Foolish renegade human, why have you come here? All that you have found is your inevitable punishment.
Imposing. Ominous. Authoritarian. Alien sheaths retracting and talons oozing.
The point of this summary: Every single line is infused with the alien's character traits. I swear, the Ilwrath don't say one single word that isn't in line with their race's disgusting, gods-praising, quivering, lust for violence.
Now, here's a typical line from our first meeting with the Tywom:
(This is not an exact quote) Tywom: Hey guys! The Scryve are the most powerful race in the galaxy, and they rule this sector. They sent a planet destroying missile at you! We accidentally told them you lived on the 4th planet from the sun. So, now you're alive!
Do you see the difference? That line is purely explicatory. Not expository. It serves to advance the plot with dialogue, rather than having fun with it. What needs to HAPPEN is this: Each race needs to pick a defining characteristic, and then just go balls-out with that for each encounter.
The Tywom are obviously, the stereotypical "nerds", to the extreme of them having earthly pocket-protectors! So why not infuse their dialogue with "nerdy" things??? If you're gonna make a stereotype nerd, you ought to infuse EVERYTHING with calculations, explanations, chemical theories and the like. Instead of saying, "Hey, they blew up Mars!" Say, "We put the odds of your survival at pi-rounded-to-the-thirteenth place, divided by z - so around .00015 %" Obviously better written than that... but infuse their character with that race's personality trait. Tell us the EXACT number of square meters the Scryve cover in this galaxy - instead of saying, "They cover most of this quadrant". And give them a bully-complex, too. Because that's stereotype nerds, too - the Scryve said they'd dunk our heads into the mouth of a black hole (swirly) or something. I don't know.
Really, the Tywom could easily have a different style dialogue altogether, to support their personality. An example of what I'm saying is something like:
Information: The Scryve caught wind of you guys in this solar system.

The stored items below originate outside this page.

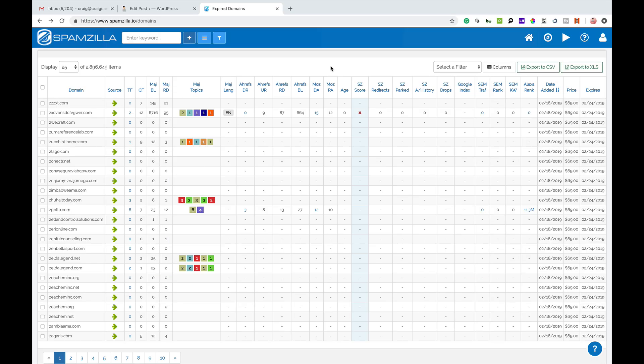Hi guys, so I'm doing a quick tutorial on a new tool that I've come across. It's not new but it's one that I've only recently come across in the past few months and it's called Spamzilla. You'll be able to find our website at www.spamzilla.io.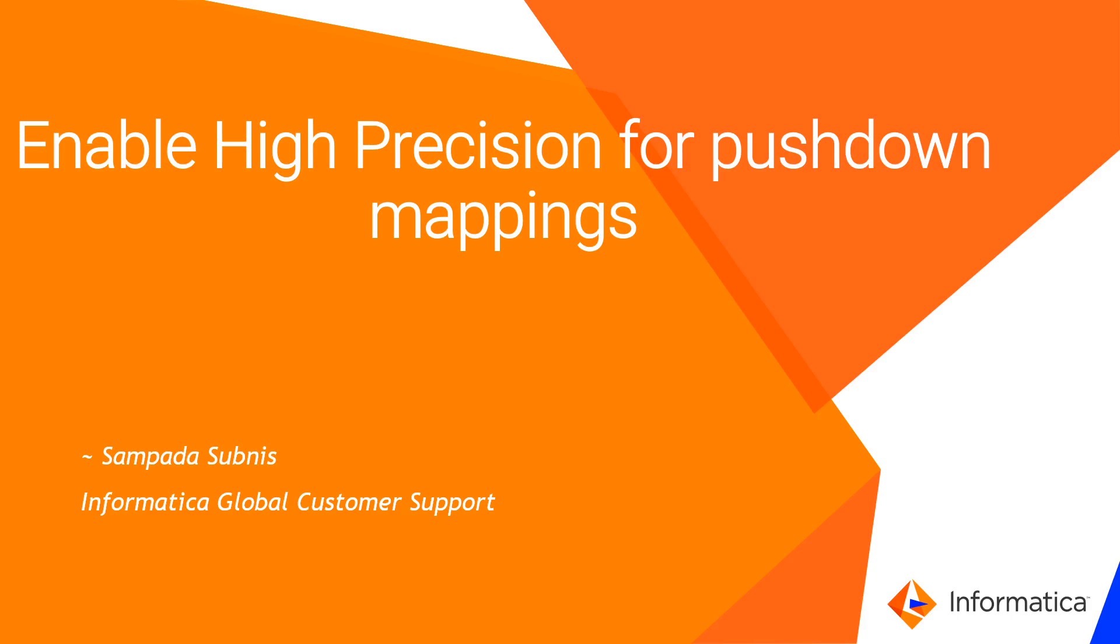Hello everyone, in this video let us understand how to enable high precision for the pushdown mappings.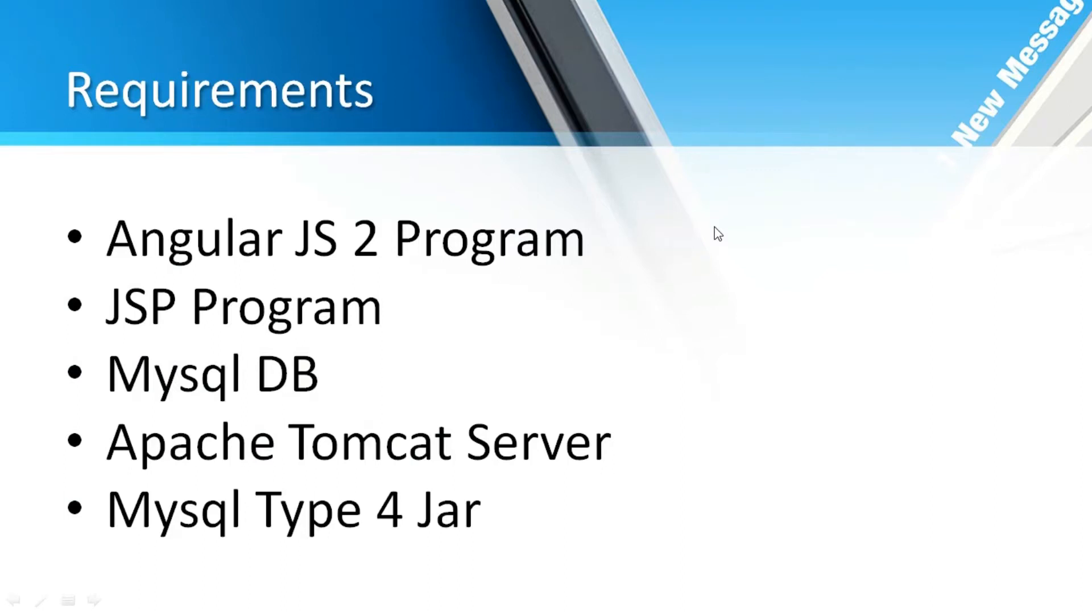We need to have one particular AngularJS 2 program and one JSP program, MySQL database, Apache Tomcat, and the MySQL Type 4 jar. Of course, whatever AngularJS 2 requirement servers like TypeScript compiler and Node.js server, all those things you need to install priorly.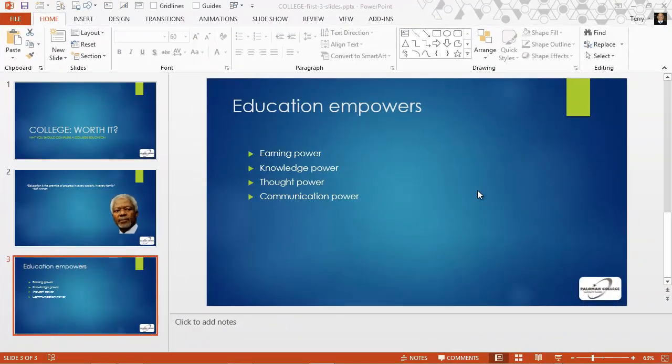In this video, I would like to talk about font-formatting basics in PowerPoint.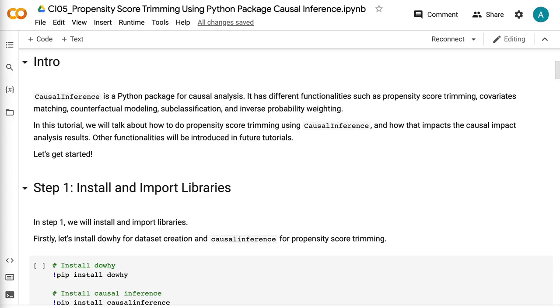Causal Inference is a Python package for causal analysis. It has different functionalities such as propensity score trimming, covariates matching, counterfactual modeling, subclassification, and inverse probability weighting.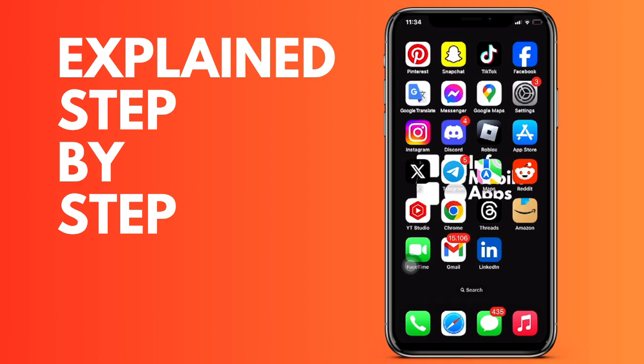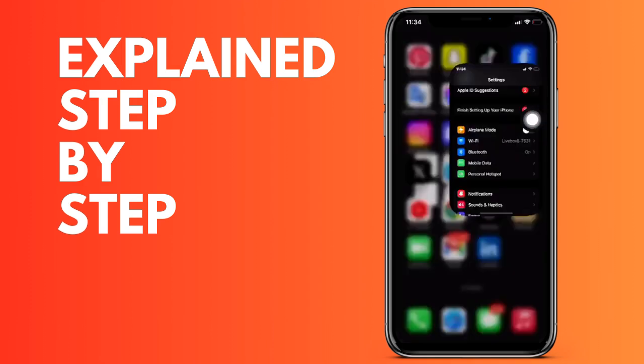First of all, go to Settings on our iPhone and then we are going to go down to the General part.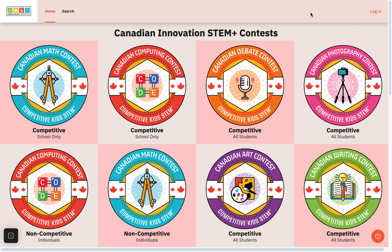Hello, teachers. I'm Yogesh Kumar from Competitive Kids S10, which is a non-profit organization based in Canada. We provide contests which are free for all kids across the globe. These are beautiful contests in many different areas, as you can see on the screen.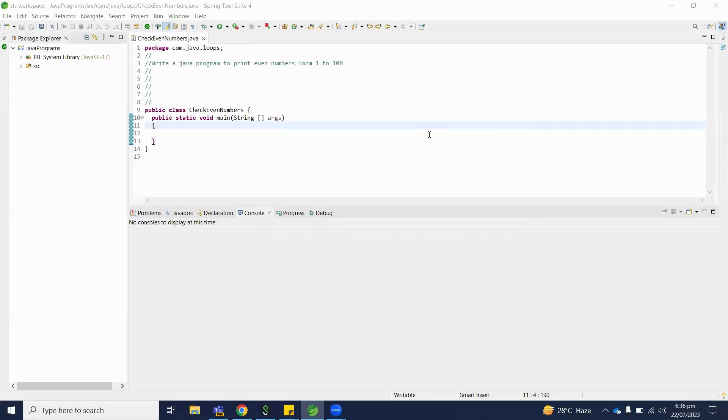Welcome to Java programming series. Today we will understand how to write a Java program to print even numbers from 1 to 100.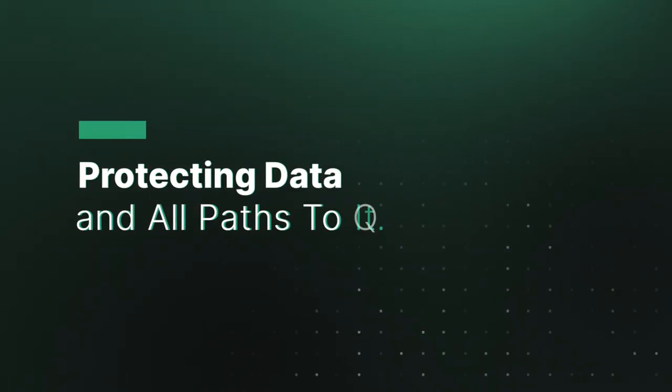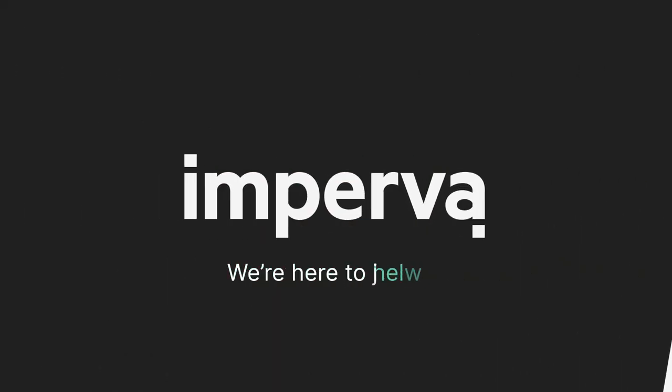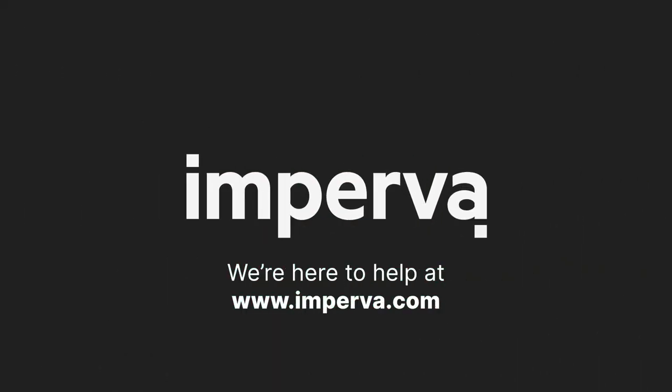Thousands of our customers trust Imperva to protect their data. We're here to help at Imperva.com.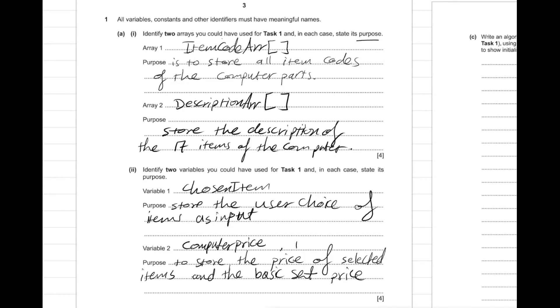As you can see here, this type of question is very basic. It's asking you first to state two arrays that you have used - identify two arrays that you have used and what's the purpose here. And also identify the arrays that you have used in task one. That's all for this question.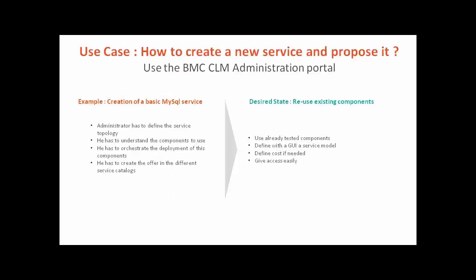We are going to see with a real example how to define a new service in minutes by reusing already defined components. Without these capabilities, the administrator would have to define everything and would have to define with orchestration how the components would have to be installed from begin to end.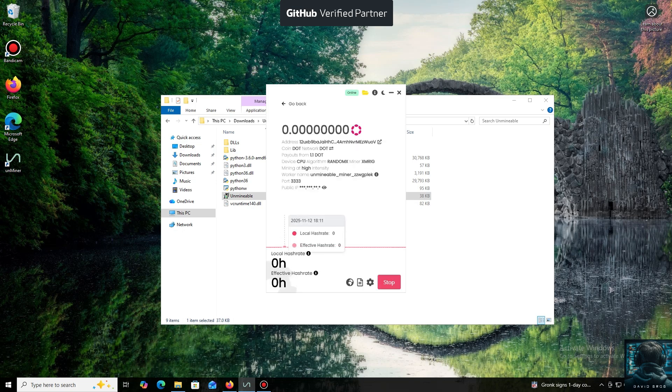I use an Exodus wallet, but you can use any wallet you have access to, or even an address from an exchange.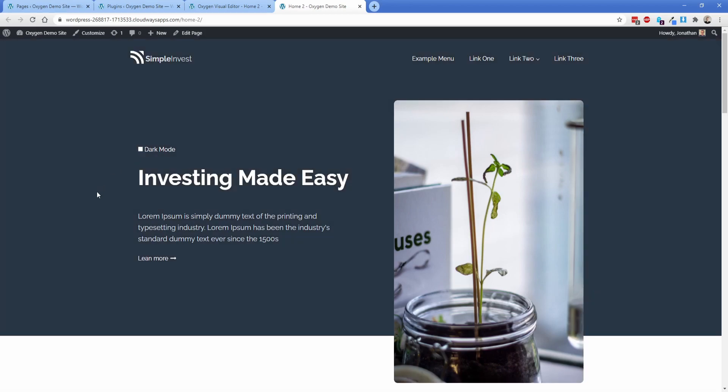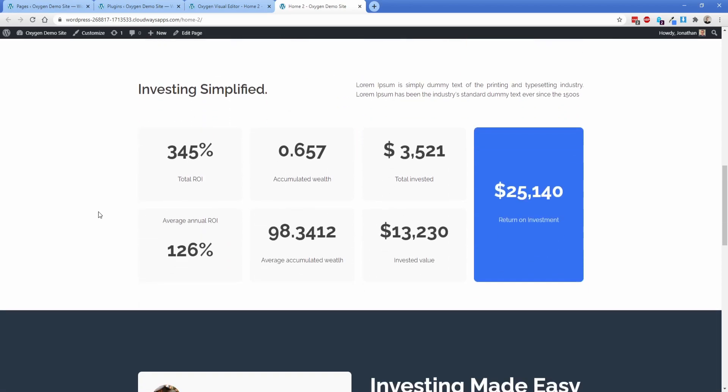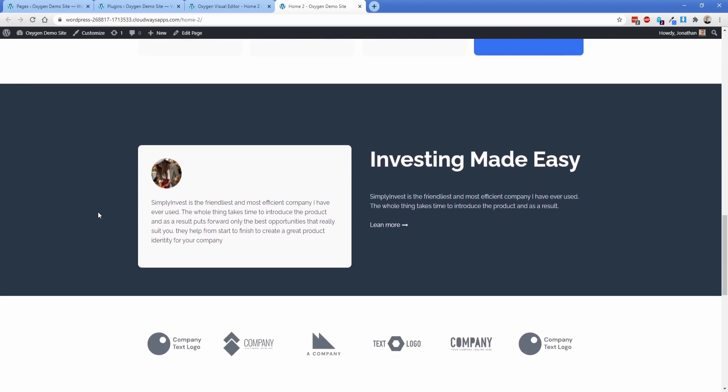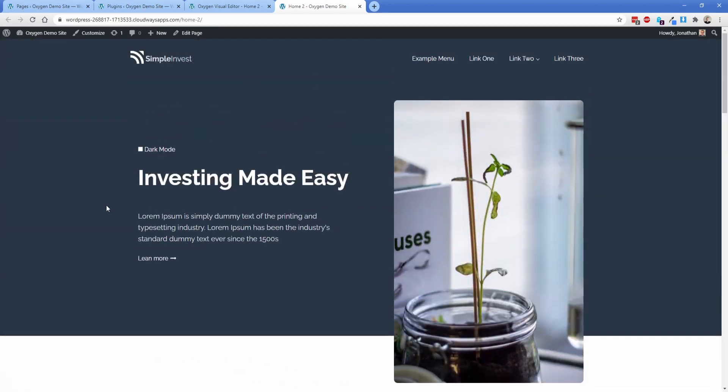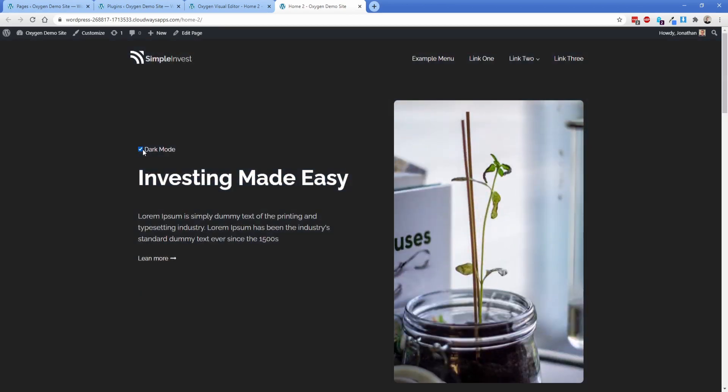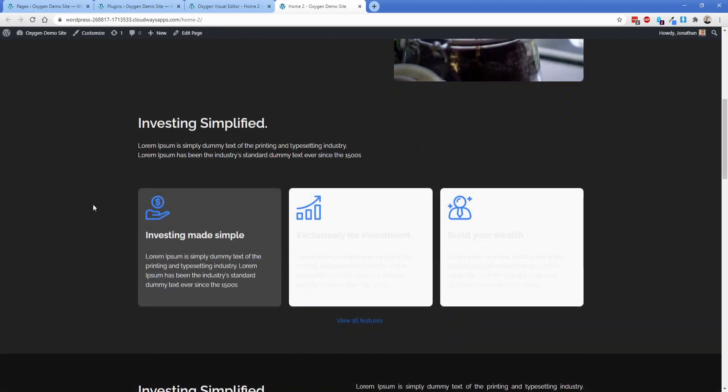Now what I'll do real quick is turn this off and scroll down and you can see I have these columns here with a kind of off gray background and then I have this white section, got a blue, got a white, some photos. So let's just go ahead and activate dark mode and take a look at what that looks like.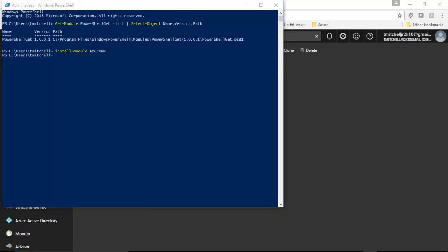So, as you can see, that was pretty uneventful. Now, however, now that we have the Azure RM module installed, we actually have to load it into our PowerShell session. To do that,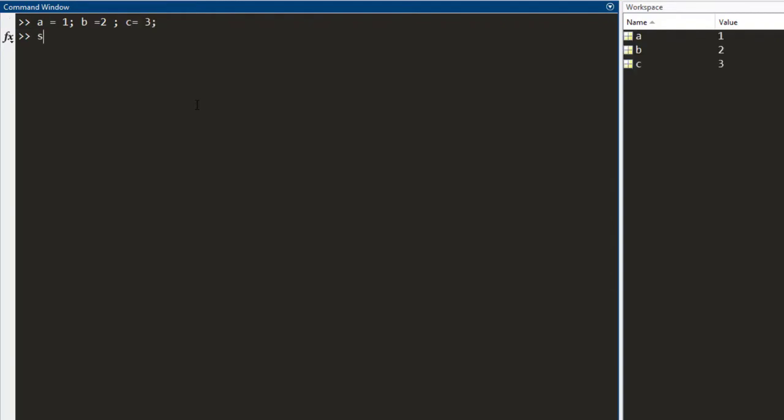And you need to find the sum. I make another variable, call it sum and I add the three variables. So, I get the sum as 6.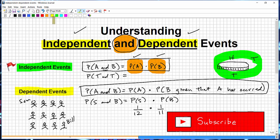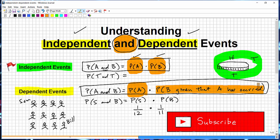Dependent events are essentially the opposite of independent events. With independent events, one event had nothing to do with another. But with dependent events, they do have influence on one another. If the first event impacts the probability of the second event occurring, you're dealing with dependent events. Big picture: when you see the probability of A and B occurring, think independent versus dependent events.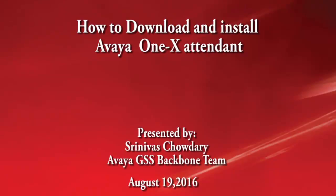Hi, my name is Srinivas Chaudhary from UC Communications. In this video we are going to download and install Avaya 1x Attendant.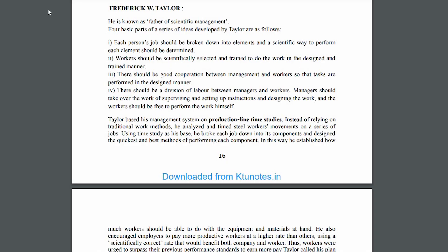Hi, we are going to talk about Taylor's management theory. Frederick W. Taylor is known as the father of scientific management. Four basic parts of a series of ideas developed by Taylor are as follows.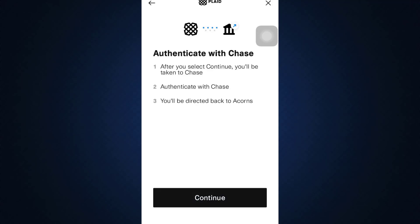After doing that, wait for a certain while until you get to the section where you have to tap on Continue again, because you want to authenticate with Chase. After doing that, you are now directed towards the next page.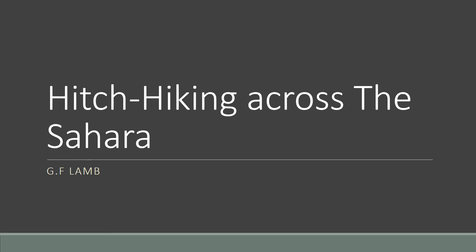Assalamu alaikum students, I hope you are all fine. Our lesson name is Hitchhiking Across the Sahara written by G.F. Lamb. Yesterday we translated page 54, now today we start our translation from page 55.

Hypothesis: They would come to the conclusion in 7.8 seconds that humans must be destroyed
Analysis: Humans could be a valuable ally to make the Scryve stop giving us blackhole-swirlies
Counter-analysis: The Scryve may not enjoy our efforts to trick them and have a 46,997,851 : 1 chance of obliterating our race
Conclusion: Tell the Scryve what homeworld the humans live on
Margin-of-error: π-to-the-second-place 3.14% chance of error
Result: THE HUMANS ARE STILL ALIVE?!? YOU ARE VERY LUCKY!
They could preface each decision they make (not every line, that could get boring), with a very scientific proposal, avoiding conjecture, about what they're speaking of. I read that in a book, The Boy On the Bridge, so not exactly that, but break up their dialogue into scientific hypotheses and conclusions based on reasoning and logic. That's their trait. That's what they built their civilization on. They should be EXCITED for scientific progress, their antennae constantly probing for new meaning in the universe. And then their lines could be based around that. Does that make sense?
I also want to hear about their homeworld, their culture, all of the rituals that give them meaning. I want to hear the challenges they overcame to get to the stars, their breakdown of how many years it took them to advance past certain problems (like light speed), I'd be very interested in hearing their thoughts on death and their equivalent of the Spathi's Wezzy-Wezzah, and maybe the predators that bullied them for eons, before their advanced minds figured out ways to fend them off.
This, of course, would be fully-skippable for the players who just want to blow stuff up.